The method of claim 6, wherein the host embryo is a morula stage embryo or a blastocyst stage embryo.

A chimeric non-human mammal produced by the method of claim 6.

The chimeric non-human mammal of claim 22, wherein the chimeric non-human mammal is a mouse.

The chimeric non-human mammal of claim 22, wherein the chimeric non-human mammal is a pre-term embryo.

The chimeric non-human mammal of claim 22, wherein one or more sphere- induced Pluripotent Cells (siPS)-derived cells are present within the germline of the chimeric non-human mammal, thereby producing a germline chimeric non- human mammal.

A method for producing a reprogrammed epithelial cell, the method comprising:

(a) growing a plurality of epithelial cells in monolayer culture to confluency; and

(b) disrupting the monolayer culture to place at least a fraction of the plurality of epithelial cells into suspension culture under conditions sufficient to form one or more embryoid body-like spheres,

wherein the one or more embryoid body-like spheres comprise a reprogrammed epithelial cell induced to express at least one endogenous gene not expressed by a epithelial cell growing in the monolayer culture prior to the disrupting step. The method of claim 26, wherein the epithelial cell is a mouse epithelial cell or a human epithelial cell.

The method of claim 26, wherein the epithelial cell is a non-recombinant epithelial cell.

The method of claim 26, wherein the disrupting comprises scraping the confluent monolayer off of a substrate upon which the confluent monolayer is being cultured.

The method of claim 26, further comprising maintaining the one or more embryoid body-like spheres in suspension culture for at least one month.

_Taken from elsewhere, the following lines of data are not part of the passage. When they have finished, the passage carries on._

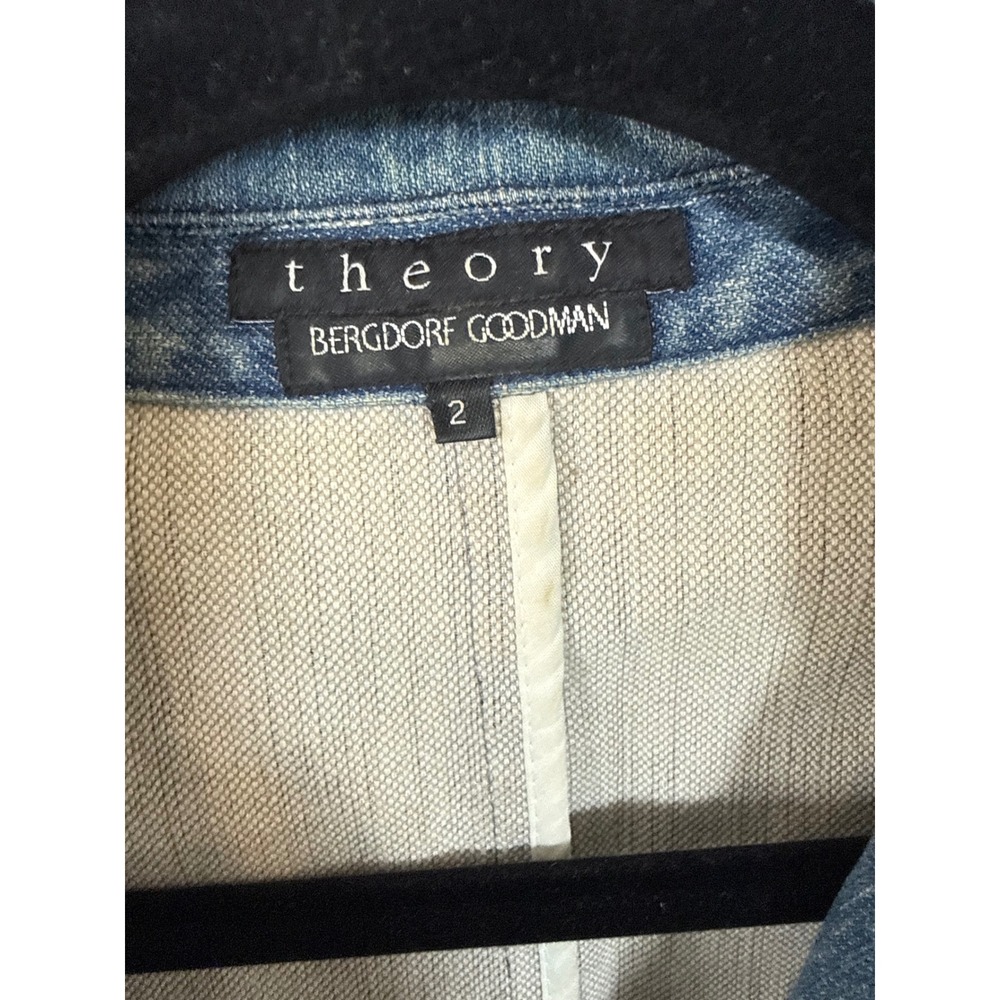 Theory Denim Blazer Jacket Blue Wash Tailored Button Front Pockets Size 2 - Picture 3 of 8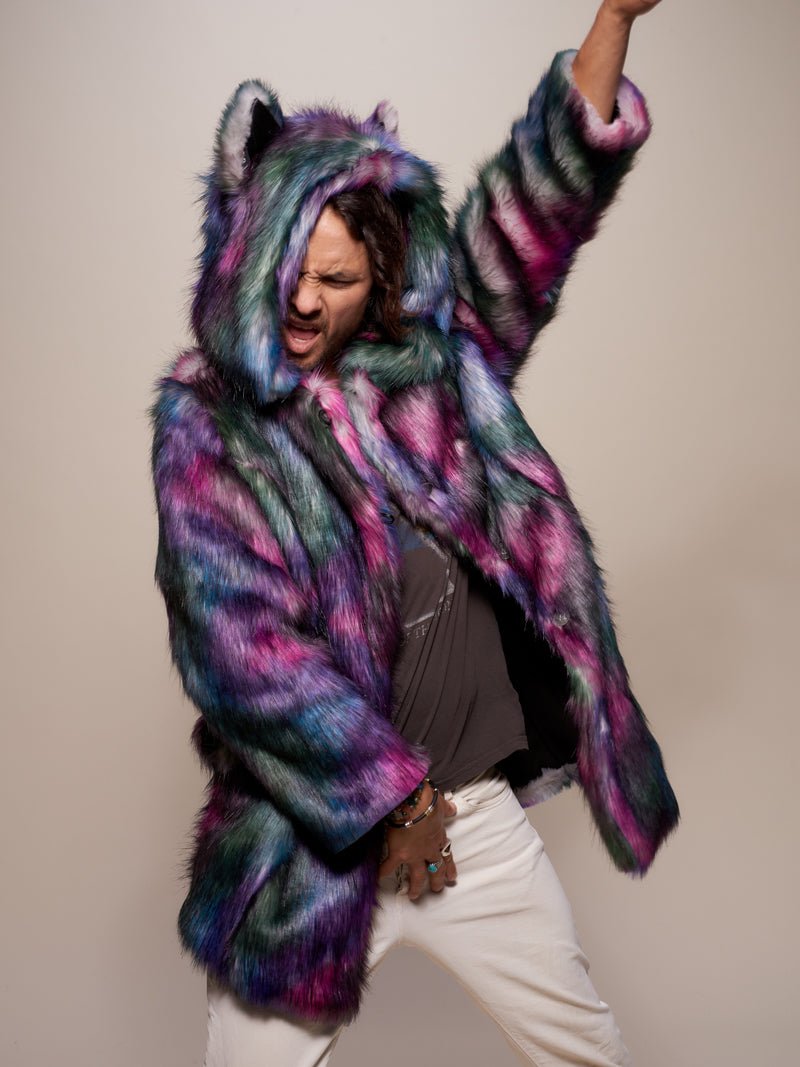 Man wearing Classic Disco Wolf Faux Fur Coat, front view 3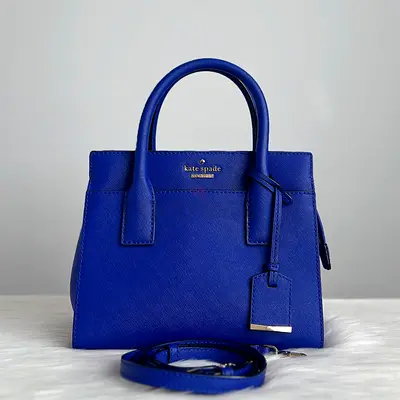 Stylish Kate Spade Mini Handbag in Vibrant Blue, Kate Spade Blue Leather Front Logo Charm Detail 2 W
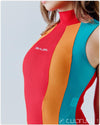 REALISE [N-0371-MSH] sportlicher SOFT-MESH Badeanzug TRICOLOR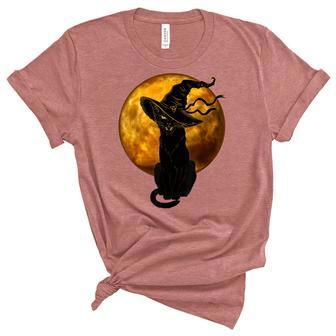 Beautiful Halloween Black Cat With Witch Hat Full Moon - Cat Unisex Crewneck Soft Tee - Seseable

The method of claim 30, wherein the one or more embryoid body-like spheres are maintained in a medium comprising DMEM and 10% FBS.

The method of claim 26, wherein the reprogrammed epithelial cell expresses at least one endogenous gene is selected from the group consisting of Oct4, Nanog,

FGF4, Sox2, Klf4, Sseal, and Stat3.

The method of claim 26, further comprising replating the embryoid body-like spheres under conditions sufficient for the reprogrammed epithelial cells present therein to form colonies.

The method of claim 33, wherein the conditions sufficient comprise plating the embryoid body-like spheres on a epithelial cell feeder layer in an embryonic stem cell medium until colonies of Sphere-induced Pluripotent Cells (siPS) are produced. The method of claim 33, further comprising subcloning one or more cells present in a colony of reprogrammed epithelial cells to form one or more Sphere-induced Pluripotent Cell (siPS) lines.

A reprogrammed epithelial cell produced by the method of claim 26.

A formulation comprising the reprogrammed epithelial cell cell of claim 36 in a pharmaceutically acceptable carrier or excipient.

The formulation of claim 37, wherein the pharmaceutically acceptable carrier or excipient is acceptable for use in humans.

A cell culture comprising an embryoid body- like sphere produced by the method of claim 26 in a medium sufficient to maintain the embryoid body-like sphere in suspension culture for at least one month.

A cell culture comprising the reprogrammed epithelial cell of claim 36 in a medium sufficient to maintain the reprogrammed epithelial cell in an undifferentiated state for at least one month.